Representação feminina na política do Brasil

PAULA HELENO VERGUEIRO*
 
Já com a versão original deste artigo praticamente pronta, dou de cara com matéria veiculada na edição brasileira digital do periódico El País, dia 30 de novembro, acerca do “papel cada vez mais ativo das mulheres no Brasil”.

As primeiras linhas do texto reportam que a população feminina em nosso país supera 105 milhões de pessoas e que só no corrente ano a massa de renda das mulheres deve atingir R$ 1,584 trilhão, o que equivaleria ao PIB da Suécia ou da Bélgica. A matéria ressalta, ainda, que na última década a massa de renda das mulheres teve um aumento da ordem de 83%, enquanto a dos homens atingira meros 45%.

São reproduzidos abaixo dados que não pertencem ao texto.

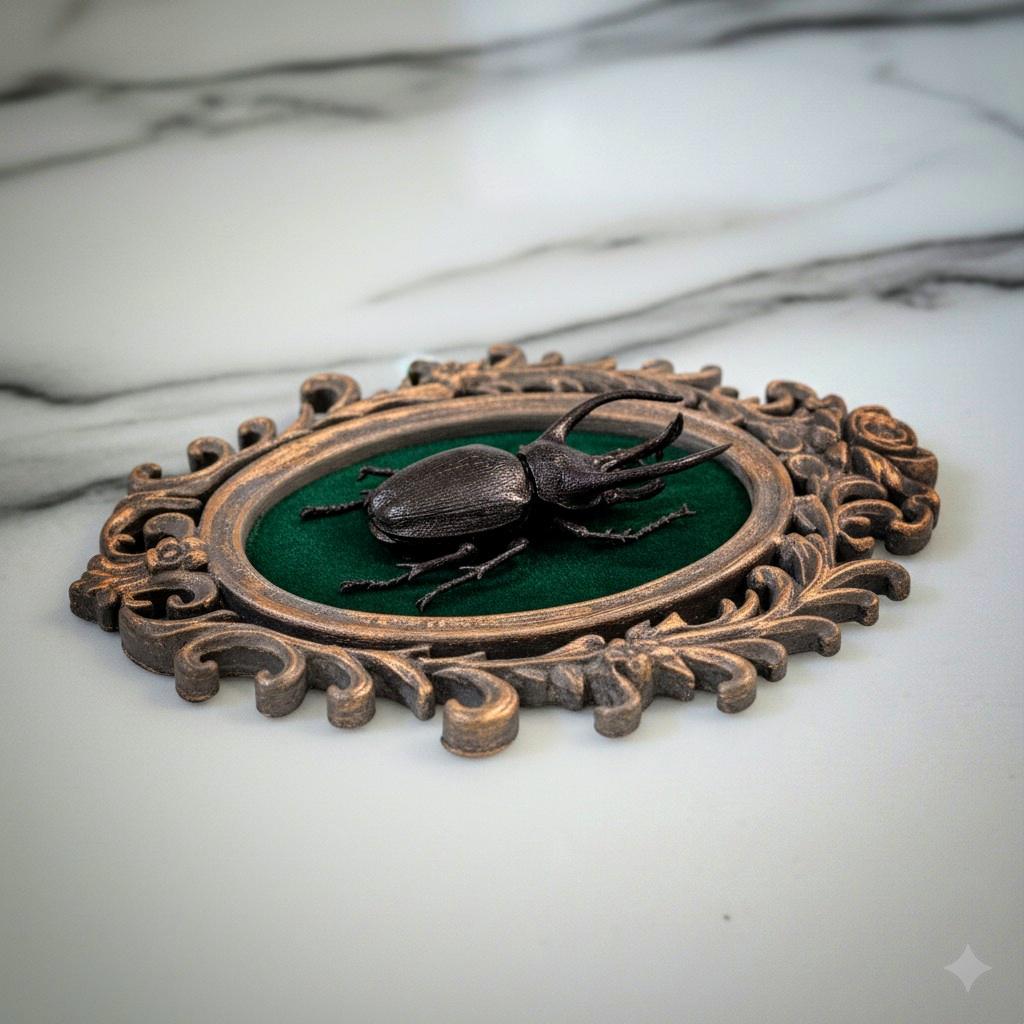 Rhinoceros beetle wall art — handmade gothic art by Cozy AF Sweatshop (2)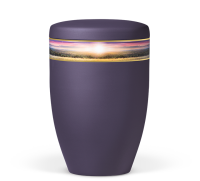 Naturstoffurne, Violett Velours, Dekorband Landschaft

Diante do tom superlativo adotado, a conclusão do autor não poderia ser outra: “Estes dados refletem o protagonismo inédito que as mulheres assumiram no Brasil, do ponto de vista econômico e social, a ponto de modificar o curso de decisões políticas. Basta ver como o protesto feminino contra o ministério inicial de Michel Temer, composto somente por homens, fez com que ele recuasse, buscando integrantes do sexo feminino. Ou o papel do protesto feminino para elucidar um caso de estupro coletivo no Rio de Janeiro neste ano”.

A leitura crítica me levou ao primeiro questionamento: esse jornal quer me fazer crer que, diante de todos os tormentos suportados por nós durante os últimos 11 meses, o ano de 2016 foi diferenciado e particularmente positivo justo na histórica condição de aviltamento e inferioridade da mulher no contexto social?

Resolvi voltar ao texto que começara a escrever dias antes e, guiando-me pela frase “A raiva é a pólvora, a organização a faísca”, proferida em uma assembleia de mulheres na Argentina à época do movimento Ni una menos, em que nossas irmãs protestaram contra o feminicídio naquele país – dessa vez tragicamente ilustrado pelo assassinato da jovem Lucía Pérez, de 16 anos, depois de drogada e estuprada –, rearrumei algumas das ideias ora apresentadas.

Tudo começa no princípio constitucional da isonomia. Na obra fundamental O princípio da isonomia e a igualdade da mulher no Direito Constitucional, o professor Carlos Roberto Siqueira Castro assinala que “em sintonia com a universal preocupação acerca do problema jurídico da igualdade entre os seres humanos, que de certo modo tem sido uma vocação humanista do corrente século, sobretudo após a Segunda Grande Guerra, a quase totalidade das constituições contemporâneas dedica um ou mais dispositivos à infindável questão da isonomia, muitas vezes com espantosa explicitude no aspecto que ora mais de perto nos interessa, a ponto de exigir a igualdade absoluta de direitos entre homens e mulheres em todos os setores da vida social ou, quando menos, proibindo solenemente discriminações legislativas por motivo de sexo. É certo, todavia, consoante temos assinalado ao longo deste ensaio, que a ordem jurídica, mesmo a constitucional, não tem conseguido eliminar, ou evitar, as tremendas distorções socioculturais que tanto prejudicam a efetiva emancipação da mulher no convívio social”.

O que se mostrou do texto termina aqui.